INSTRUCTIONS FOR THE TASK: All entries should be printed precisely as written.

THE INPUT:
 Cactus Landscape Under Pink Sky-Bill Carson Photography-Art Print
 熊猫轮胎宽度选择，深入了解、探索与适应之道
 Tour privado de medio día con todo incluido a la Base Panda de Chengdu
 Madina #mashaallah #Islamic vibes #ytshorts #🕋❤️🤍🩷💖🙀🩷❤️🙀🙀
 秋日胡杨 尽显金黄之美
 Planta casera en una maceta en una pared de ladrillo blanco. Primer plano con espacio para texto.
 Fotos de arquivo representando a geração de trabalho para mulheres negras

EXERCISE RESPONSE:
 Cactus Landscape Under Pink Sky-Bill Carson Photography-Art Print
 熊猫轮胎宽度选择，深入了解、探索与适应之道
 Tour privado de medio día con todo incluido a la Base Panda de Chengdu
 Madina #mashaallah #Islamic vibes #ytshorts #🕋❤️🤍🩷💖🙀🩷❤️🙀🙀
 秋日胡杨 尽显金黄之美
 Planta casera en una maceta en una pared de ladrillo blanco. Primer plano con espacio para texto.
 Fotos de arquivo representando a geração de trabalho para mulheres negras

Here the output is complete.